New York Times

Deadly Force After a High Speed Chase

March 5, 2014

by Adam Liptak

WASHINGTON — The Supreme Court seemed to have little trouble concluding during an unusually one-sided argument on Tuesday that Arkansas police officers who had used deadly force to end a high-speed car chase could not be sued by the family of the driver.

The court ordinarily agrees to hear cases to resolve legal questions whose answers will apply not only in the dispute before it but also in countless others. The decision to hear Tuesday’s case was a surprising exception, one that seemed unlikely to give rise to a precedent of major significance.

The case arose from a wild chase in 2004 that started in West Memphis, Ark., continued at 100-mile-per-hour speeds on a highway and ended in a hail of 15 bullets in a parking lot in Memphis, Tenn. The shots killed the driver, Donald Rickard, and his passenger, Kelly Allen.

The main legal question for the justices seemed both easy and limited, as the driver’s family had to prove not only that the officers’ conduct was unlawful but also that this was “clearly established” as a matter of law at the time of the shooting. Whatever might be said on the first point, the second one seemed a lost cause for the plaintiffs.

Their lawyer, Gary K. Smith, made an unusual presentation, relying heavily on factual assertions more common at trials than at appellate arguments.
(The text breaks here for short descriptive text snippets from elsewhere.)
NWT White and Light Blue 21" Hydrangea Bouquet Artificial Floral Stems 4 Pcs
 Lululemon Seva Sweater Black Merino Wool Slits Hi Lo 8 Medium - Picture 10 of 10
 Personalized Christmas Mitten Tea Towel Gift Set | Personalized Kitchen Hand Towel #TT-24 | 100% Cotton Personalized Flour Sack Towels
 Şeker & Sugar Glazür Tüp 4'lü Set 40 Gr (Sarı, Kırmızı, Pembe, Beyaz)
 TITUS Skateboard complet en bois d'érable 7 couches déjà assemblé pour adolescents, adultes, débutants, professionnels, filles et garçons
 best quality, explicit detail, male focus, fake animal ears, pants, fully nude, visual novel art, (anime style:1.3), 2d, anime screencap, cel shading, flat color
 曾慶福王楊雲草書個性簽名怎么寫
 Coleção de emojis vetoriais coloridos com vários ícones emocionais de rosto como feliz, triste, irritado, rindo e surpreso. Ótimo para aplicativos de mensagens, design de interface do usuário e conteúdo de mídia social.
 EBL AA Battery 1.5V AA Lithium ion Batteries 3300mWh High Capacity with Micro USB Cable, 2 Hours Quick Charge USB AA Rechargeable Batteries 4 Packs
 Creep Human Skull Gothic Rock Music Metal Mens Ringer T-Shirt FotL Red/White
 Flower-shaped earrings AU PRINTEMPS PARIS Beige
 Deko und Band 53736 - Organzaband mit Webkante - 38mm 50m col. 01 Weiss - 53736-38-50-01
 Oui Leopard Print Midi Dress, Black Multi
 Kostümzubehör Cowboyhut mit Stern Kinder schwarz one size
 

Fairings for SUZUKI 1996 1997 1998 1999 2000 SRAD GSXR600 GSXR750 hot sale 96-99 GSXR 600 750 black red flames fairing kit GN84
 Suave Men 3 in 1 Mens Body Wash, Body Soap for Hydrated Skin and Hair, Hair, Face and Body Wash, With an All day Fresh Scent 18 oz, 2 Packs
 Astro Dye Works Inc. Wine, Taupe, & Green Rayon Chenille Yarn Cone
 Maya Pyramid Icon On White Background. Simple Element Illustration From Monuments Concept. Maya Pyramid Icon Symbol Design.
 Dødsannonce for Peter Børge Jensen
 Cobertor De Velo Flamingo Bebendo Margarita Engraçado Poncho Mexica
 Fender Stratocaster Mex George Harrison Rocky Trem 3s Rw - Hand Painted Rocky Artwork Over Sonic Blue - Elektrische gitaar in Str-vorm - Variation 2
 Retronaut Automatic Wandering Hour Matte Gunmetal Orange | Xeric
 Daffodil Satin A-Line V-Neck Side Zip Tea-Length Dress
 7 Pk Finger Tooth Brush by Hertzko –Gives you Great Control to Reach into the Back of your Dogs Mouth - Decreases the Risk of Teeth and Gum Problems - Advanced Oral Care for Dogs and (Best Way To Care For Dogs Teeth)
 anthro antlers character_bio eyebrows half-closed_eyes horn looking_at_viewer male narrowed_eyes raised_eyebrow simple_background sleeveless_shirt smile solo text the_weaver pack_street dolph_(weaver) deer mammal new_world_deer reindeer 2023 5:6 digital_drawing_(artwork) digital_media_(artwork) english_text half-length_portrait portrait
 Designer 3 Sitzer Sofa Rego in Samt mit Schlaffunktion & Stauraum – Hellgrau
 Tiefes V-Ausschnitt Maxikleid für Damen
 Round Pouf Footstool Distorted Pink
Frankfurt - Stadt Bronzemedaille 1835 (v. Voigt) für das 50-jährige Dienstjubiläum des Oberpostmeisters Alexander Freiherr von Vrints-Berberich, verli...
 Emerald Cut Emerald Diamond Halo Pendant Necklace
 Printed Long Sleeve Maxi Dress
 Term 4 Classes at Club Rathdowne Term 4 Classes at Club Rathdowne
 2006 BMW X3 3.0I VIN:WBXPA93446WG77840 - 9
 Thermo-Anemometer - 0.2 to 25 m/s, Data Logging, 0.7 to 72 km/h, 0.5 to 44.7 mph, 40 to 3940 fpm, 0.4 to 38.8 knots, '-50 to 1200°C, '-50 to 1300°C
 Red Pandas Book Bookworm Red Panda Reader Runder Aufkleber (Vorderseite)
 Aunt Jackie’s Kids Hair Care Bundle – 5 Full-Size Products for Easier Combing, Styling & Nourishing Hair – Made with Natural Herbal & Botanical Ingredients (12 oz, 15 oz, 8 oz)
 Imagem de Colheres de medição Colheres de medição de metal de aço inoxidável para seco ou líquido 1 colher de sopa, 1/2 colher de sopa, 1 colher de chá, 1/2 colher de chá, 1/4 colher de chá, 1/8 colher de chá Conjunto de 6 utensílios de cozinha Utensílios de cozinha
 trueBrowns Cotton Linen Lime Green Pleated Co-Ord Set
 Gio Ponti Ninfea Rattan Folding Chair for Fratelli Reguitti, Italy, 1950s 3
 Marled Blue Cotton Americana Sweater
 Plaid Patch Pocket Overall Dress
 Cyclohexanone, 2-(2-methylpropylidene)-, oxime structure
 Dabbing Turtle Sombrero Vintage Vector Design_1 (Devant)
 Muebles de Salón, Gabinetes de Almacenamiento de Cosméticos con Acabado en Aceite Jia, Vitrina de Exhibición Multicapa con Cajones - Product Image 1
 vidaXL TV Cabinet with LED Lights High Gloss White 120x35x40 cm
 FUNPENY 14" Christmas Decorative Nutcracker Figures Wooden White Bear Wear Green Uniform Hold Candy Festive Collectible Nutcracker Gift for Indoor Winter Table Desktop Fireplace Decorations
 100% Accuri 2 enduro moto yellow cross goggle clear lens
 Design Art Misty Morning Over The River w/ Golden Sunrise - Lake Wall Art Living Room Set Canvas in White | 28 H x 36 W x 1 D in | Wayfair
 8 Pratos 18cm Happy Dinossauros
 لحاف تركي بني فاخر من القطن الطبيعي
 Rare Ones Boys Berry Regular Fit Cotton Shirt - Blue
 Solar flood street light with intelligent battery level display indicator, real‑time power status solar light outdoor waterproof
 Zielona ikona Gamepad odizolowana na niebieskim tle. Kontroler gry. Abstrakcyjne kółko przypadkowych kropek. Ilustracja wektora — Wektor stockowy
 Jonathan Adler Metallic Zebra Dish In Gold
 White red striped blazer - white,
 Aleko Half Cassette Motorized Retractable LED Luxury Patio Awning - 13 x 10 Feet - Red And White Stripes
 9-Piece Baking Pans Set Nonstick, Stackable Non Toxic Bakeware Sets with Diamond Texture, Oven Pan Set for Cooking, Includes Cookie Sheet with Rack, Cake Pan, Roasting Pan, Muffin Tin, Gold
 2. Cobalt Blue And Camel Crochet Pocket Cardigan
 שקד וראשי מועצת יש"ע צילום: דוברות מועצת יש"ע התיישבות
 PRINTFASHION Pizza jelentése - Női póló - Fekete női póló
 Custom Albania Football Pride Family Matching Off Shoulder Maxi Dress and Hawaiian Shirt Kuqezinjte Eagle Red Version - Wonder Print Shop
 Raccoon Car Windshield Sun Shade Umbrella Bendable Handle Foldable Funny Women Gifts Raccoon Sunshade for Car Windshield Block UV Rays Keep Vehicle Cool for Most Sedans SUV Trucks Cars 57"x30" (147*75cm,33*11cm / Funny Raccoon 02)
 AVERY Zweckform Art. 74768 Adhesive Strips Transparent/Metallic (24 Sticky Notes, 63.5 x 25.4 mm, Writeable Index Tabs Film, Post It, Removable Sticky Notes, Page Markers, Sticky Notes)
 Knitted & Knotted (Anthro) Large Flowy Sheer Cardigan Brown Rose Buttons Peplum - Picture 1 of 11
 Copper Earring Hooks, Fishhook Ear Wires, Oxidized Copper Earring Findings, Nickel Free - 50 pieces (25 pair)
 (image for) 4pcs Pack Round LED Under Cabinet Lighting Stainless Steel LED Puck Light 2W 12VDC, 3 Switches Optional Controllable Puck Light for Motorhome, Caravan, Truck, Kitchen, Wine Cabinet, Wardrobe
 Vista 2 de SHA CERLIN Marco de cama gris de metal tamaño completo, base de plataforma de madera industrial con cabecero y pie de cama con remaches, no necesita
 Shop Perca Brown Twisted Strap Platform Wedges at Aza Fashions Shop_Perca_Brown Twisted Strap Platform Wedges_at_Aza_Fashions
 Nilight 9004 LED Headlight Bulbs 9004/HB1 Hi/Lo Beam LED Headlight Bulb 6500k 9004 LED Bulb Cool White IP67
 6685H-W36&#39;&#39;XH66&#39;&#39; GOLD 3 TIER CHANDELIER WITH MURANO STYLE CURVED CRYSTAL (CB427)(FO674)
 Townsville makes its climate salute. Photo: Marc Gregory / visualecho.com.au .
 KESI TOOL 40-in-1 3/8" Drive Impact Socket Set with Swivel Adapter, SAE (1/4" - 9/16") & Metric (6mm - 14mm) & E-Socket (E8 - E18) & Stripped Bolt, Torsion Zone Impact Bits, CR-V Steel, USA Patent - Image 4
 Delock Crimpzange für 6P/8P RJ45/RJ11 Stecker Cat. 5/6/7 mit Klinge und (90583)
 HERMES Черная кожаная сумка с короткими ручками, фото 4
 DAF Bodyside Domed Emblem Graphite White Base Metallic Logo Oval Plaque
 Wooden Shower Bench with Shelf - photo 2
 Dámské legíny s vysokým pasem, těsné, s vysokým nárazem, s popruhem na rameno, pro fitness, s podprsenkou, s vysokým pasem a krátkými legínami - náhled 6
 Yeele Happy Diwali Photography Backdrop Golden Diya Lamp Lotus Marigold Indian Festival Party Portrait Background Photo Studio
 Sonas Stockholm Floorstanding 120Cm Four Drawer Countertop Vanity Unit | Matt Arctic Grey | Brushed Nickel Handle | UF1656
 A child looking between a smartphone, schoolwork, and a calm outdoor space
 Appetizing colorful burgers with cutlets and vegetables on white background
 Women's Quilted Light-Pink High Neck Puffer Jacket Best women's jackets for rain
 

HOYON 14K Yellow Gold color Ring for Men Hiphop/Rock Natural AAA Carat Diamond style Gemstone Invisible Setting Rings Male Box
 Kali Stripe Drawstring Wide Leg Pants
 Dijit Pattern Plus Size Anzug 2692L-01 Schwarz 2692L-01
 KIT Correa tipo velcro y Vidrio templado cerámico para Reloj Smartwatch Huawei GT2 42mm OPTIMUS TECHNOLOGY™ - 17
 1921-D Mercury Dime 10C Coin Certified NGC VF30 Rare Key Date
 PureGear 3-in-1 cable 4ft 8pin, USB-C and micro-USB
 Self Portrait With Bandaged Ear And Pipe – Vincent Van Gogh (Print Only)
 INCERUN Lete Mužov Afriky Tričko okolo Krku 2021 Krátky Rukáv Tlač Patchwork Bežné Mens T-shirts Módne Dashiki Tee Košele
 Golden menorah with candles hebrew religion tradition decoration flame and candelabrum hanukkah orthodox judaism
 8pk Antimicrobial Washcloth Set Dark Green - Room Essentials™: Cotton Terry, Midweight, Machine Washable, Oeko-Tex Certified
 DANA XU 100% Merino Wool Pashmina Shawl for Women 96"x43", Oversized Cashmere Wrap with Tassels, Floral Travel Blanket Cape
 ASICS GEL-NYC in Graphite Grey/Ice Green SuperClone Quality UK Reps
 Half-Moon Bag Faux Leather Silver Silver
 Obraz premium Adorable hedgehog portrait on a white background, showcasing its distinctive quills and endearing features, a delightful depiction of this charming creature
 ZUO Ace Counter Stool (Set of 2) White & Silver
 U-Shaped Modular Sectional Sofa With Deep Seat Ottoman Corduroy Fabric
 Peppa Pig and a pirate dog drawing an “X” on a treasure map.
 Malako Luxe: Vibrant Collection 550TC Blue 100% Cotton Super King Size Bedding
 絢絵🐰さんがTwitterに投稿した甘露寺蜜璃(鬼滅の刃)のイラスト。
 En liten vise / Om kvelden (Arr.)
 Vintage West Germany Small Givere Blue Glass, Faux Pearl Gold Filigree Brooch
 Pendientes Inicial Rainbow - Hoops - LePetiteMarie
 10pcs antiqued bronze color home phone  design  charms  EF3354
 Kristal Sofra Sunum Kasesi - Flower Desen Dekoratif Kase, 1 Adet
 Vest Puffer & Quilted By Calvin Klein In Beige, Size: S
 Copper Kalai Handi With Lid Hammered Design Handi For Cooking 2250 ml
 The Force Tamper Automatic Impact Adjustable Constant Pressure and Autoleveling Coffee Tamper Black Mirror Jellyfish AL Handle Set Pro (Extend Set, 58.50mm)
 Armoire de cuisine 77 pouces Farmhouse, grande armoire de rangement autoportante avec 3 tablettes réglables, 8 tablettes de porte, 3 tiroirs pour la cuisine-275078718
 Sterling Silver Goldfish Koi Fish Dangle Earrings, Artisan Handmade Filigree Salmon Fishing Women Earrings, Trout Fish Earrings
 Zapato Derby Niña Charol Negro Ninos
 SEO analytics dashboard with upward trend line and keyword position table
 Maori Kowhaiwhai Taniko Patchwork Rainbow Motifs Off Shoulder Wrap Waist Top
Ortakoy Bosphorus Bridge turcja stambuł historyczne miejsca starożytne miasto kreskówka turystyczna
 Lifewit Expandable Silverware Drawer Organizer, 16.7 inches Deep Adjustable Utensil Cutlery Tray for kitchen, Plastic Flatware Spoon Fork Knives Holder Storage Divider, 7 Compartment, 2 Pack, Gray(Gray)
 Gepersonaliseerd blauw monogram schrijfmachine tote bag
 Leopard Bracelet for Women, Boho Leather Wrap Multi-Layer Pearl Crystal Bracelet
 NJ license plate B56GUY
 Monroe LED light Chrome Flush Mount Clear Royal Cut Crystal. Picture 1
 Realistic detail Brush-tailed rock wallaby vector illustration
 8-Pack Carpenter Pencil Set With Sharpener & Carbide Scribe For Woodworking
Several justices responded with their own understandings of the facts, some of them based on having viewed video recorded from dashboard cameras on police vehicles.

Mr. Smith said the officers had choices short of firing into the car, especially given the presence of a passenger. “You can shoot the tires,” he said.

Justice Stephen G. Breyer said the idea had also occurred to him “when I look at the film.” He said that it was “a very good question” but that he did not know the answer. That meant, he said, that the law on this point was not “clearly established.”

Mr. Smith said the presence of the passenger should have made the officers hesitate. Justice Antonin Scalia responded that Mr. Smith was in no position to press that point, as it was Mr. Rickard who had endangered her, adding that she did not try to flee when the car briefly stopped. “Boy, I would get out of that car so fast,” Justice Scalia said.

The case was in a way a sequel to the court’s 2007 decision in Scott v. Harris, in which the court ruled against a Georgia man who was paralyzed when his car was rammed by the police during a chase.

An appeals court nevertheless allowed Tuesday’s case to move forward, saying that “the devil is in the details.”

“Although the police in Scott used a maneuver to stop the fleeing car that might very well cause a crash and injury,” Judge Ralph B. Guy wrote for a unanimous three-judge panel, “the police here fired 15 shots at close range, all but two of which apparently hit the subjects and 12 of which hit the driver.”

Michael Mosley, a lawyer for the police officers, said his clients should win even if the Supreme Court agreed with that reasoning. The Scott decision was issued in 2007 and so could not have created “clearly established” law at the time of the 2004 chase, he said.

Chief Justice John G. Roberts Jr. asked Mr. Mosley for an example of a high-speed chase that would not justify the use of deadly force by the police.

“I hate to use television as an example,” Mr. Mosley responded, “but perhaps the way the white Ford Bronco fled in the early ’90s that everybody saw on TV. That seemed to be relatively nondangerous.”

He was referring to the 1994 chase of O. J. Simpson in Southern California, which riveted the nation notwithstanding its sedate pace.

John F. Bash, a lawyer for the federal government arguing in support of the police officers, responded to a similar question from Justice Sonia Sotomayor. He said that “the use of deadly force is justified to protect injury to the public or to the officers.” Once escape is impossible, he said, such force is impermissible.

“It’s not punishment for having engaged in a high-speed pursuit,” Mr. Bash said. “It’s to protect people on the road.